Page MenuHomeElementl

RFC solid-hook context.solid_exception
ClosedPublic

Authored by yuhan on Apr 7 2021, 7:33 AM.

Details

Summary

user problem: https://github.com/dagster-io/dagster/issues/3631
users want to get detailed info about an error in failure_hook

nullable context.solid_exception

@failure_hook
def slack_on_failure(context):
    traceback.print_tb(context.solid_exception.__traceback__)

Pros:

  • No breaking change for existing hook users, as it only adds an additional attribute to HookContext.
  • It’s explicitly called “error” so users don’t need to validate the event
  • Users get the actual exception thrown in the body of the solid

Cons:

  • Nullable yield so need to handle cases when accessing in success_hook.

Alternatives : https://elementl.quip.com/uDMaAoa8Yx5O/Better-Hooks#fVNACAJDyPT

Test Plan

unit

Diff Detail

Repository
R1 dagster
Lint
Lint Not Applicable
Unit
Tests Not Applicable

Event Timeline

Harbormaster returned this revision to the author for changes because remote builds failed.Apr 7 2021, 7:50 AM
Harbormaster failed remote builds in B28534: Diff 35017!
yuhan requested review of this revision.Apr 7 2021, 11:17 PM
yuhan added reviewers: sashank, prha.

quick drive by thoughts

  • since hooks happen in process I think we should have the actual exception object available on failure
  • I think we should probably have all the events from the step available, then maybe utilities for finding the success/failure hook from the full list

hold until we figure out a plan for the pipeline hook

python_modules/dagster/dagster/core/execution/context/system.py
585

solid hooks are event based and we invoke hooks after we wrap sys.exc_info() into SerializableErrorInfo - code, so it's easier to return SerializableErrorInfo directly.

alternatively, we could 1) deserialize it back to the real exception which ideally needs to replicate the serialization logic, or 2) pipe through sys.exc_info() from the hook invocation, e.g. here

pros:

  • the name is more obvious than event or failure_event
  • users dont have to do event.event_specific_data.error
  • it gives error info about the step failure and is exactly the same as what users would get in the logs.

cons: SerializableErrorInfo isn't really public

per offline convo with @alangenfeld, we think it's important to make the actual exception object available on the failure hook

yuhan retitled this revision from RFC solid-hook context.failure_event to RFC solid-hook failure_hook provide access to the error.Tue, Apr 20, 6:12 PM

I like the idea of just exposing error_info. Even if we were to provide a more generic API, error_info would still be useful as a convenience.

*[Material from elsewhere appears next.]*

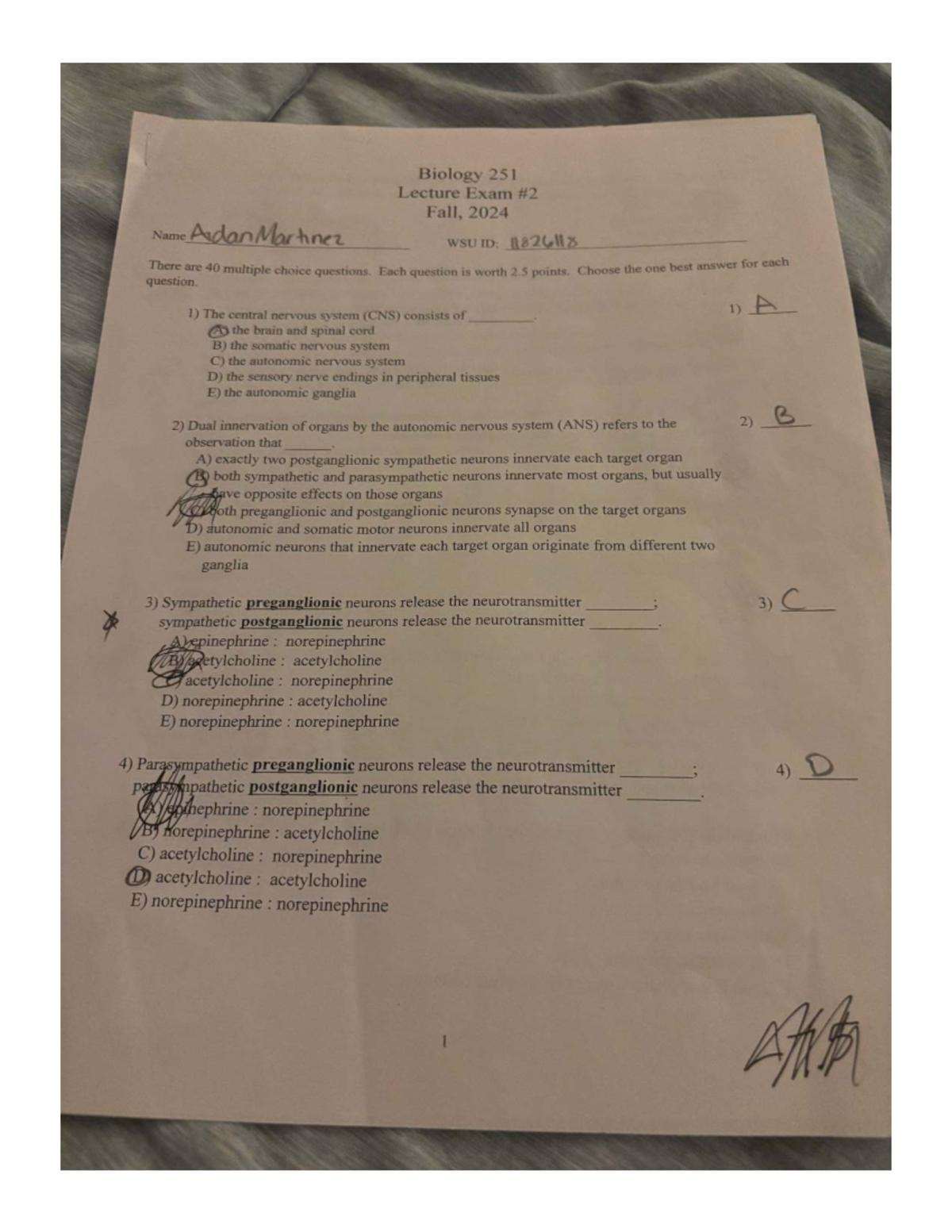 Biology 251 Lecture Exam - Fall 2024 Multiple Choice Questions - Studocu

The question of what to do with SerializableErrorInfo is tough. I don't think there's any kind of generic way that we can turn a SerializableErrorInfo into an Error, is there? I.e. we can't be sure that the error class has a constructor that supports any particular arguments. So my instinct would just be to expose it. What do you think @alangenfeld?

context.error returns the actual exception object

yuhan retitled this revision from RFC solid-hook failure_hook provide access to the error to RFC solid-hook failure_hook provide access to the original error.Thu, Apr 22, 11:01 PM
yuhan edited the summary of this revision. (Show Details)
yuhan added reviewers: sandyryza, alangenfeld, prha.
python_modules/dagster/dagster/core/execution/context/system.py
346

this would only be used by solid hooks (failure_hook in particular) for passing the original exception object from [1] to [2] into the HookContext. bc solid hooks will always execute in the same process as the step execution does, so this step_exception is step-scoped. so it'd make sense to just put on StepExecutionContext as opposed to IStepContext or IPipelineContext.

463–464

@alangenfeld how do you feel about this assignment.. 😅 - can make it private so users wont use or any other suggestions?

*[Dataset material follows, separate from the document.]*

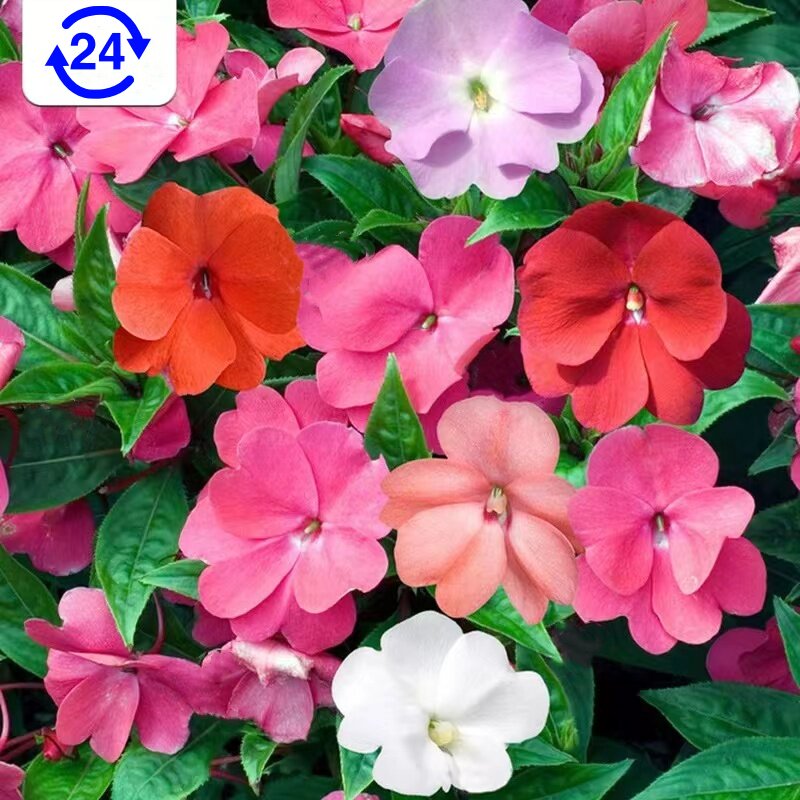 【凤仙单瓣】超级凤仙本花卉多季开花耐热新几内亚盆栽观花植物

besides, I leave it as the original exception here. we can also return a nicer-formatted TrackbackException

python_modules/dagster/dagster/core/execution/plan/execute_plan.py
94

[2]

203

[1]

python_modules/dagster/dagster/core/execution/context/system.py
585

def exception ? since its not always an error object

595–598

hm maybe just let it be None? not sure if it matters to throw here

python_modules/dagster/dagster/core/execution/plan/execute_plan.py
203–217

nit: move these two to just be one right under the except

232–283

hm sucks to have to dupe this but not the worst in the world

leaving open for others inputs - I like this

python_modules/dagster/dagster/core/execution/context/system.py
585

maybe solid_exception ? I guess if we were for example going to make outputs available for success what would it be

def outputs(self) -> Dict[str, Any]

def solid_outputs(self) -> Dict[str, Any]

The step_exception trick wouldn't work if we ever want to execute the hook in a different process than the solid, right? Is that an avenue we want to keep open?

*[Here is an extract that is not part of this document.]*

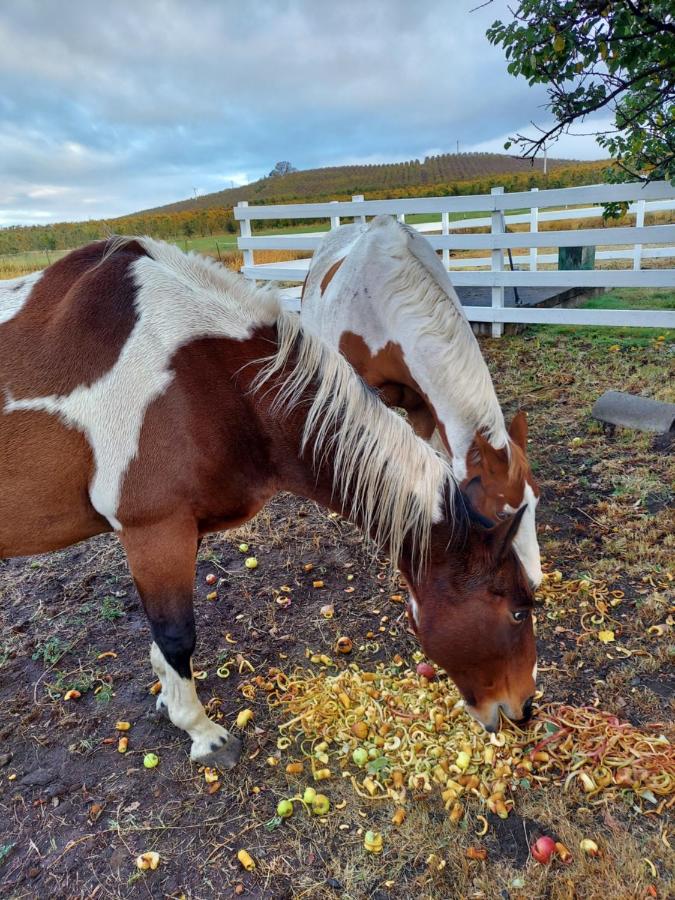  | Applinger Farm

yes and i think it's ok because solid hooks being in-process could be one of the key distinction between solid hooks and "pipeline hooks" (naming pending)

python_modules/dagster/dagster/core/execution/context/system.py
585

def solid_exception(self) -> BaseException
def solid_outputs(self) -> Dict[str, Any]
?

besides, i think technically soild_outputs could also be available for failure hook, as you can yield multiple outputs and the failure happens in between - in this case certain outputs have been yielded.

595–598

bc mentioned above, outputs can also be on failure hook, i think it'd make sense to have all these new property on HookContext rather splitting it. so if a user is trying to do context.solid_exception in a success solid, either we error like this, or return None which indicates there's no exception? im open to either

python_modules/dagster/dagster/core/execution/plan/execute_plan.py
232–283

def sucks but also *a little nice* as in we wont blindly pass all exception, like in case (3) we would only capture the dagster_user_error.user_exception

python_modules/dagster/dagster/core/execution/context/system.py
595–598

nullable for now. open to feedback

python_modules/dagster/dagster/core/execution/plan/execute_plan.py
203–217

good call out and it raises a semantic question bc the last else won't fire a failure event:
if we think all exceptions should be captured and pass via context.solid_exception, we'll move it up.
if we think context.solid_exception is not None == solid emits a failure event, we should skip the last else which handles entry.

python_modules/dagster/dagster/core/execution/context/system.py
585

solid_output_values here: D7591 - again, open to rename

yuhan retitled this revision from RFC solid-hook failure_hook provide access to the original error to RFC solid-hook context.solid_exception.Sat, Apr 24, 2:53 AM
yuhan edited the summary of this revision. (Show Details)

I'm ok with including the step exception if Alex is. Otherwise this LGTM. Will leave to @alangenfeld for final accept.

This revision is now accepted and ready to land.Tue, Apr 27, 4:46 PM
This revision was automatically updated to reflect the committed changes.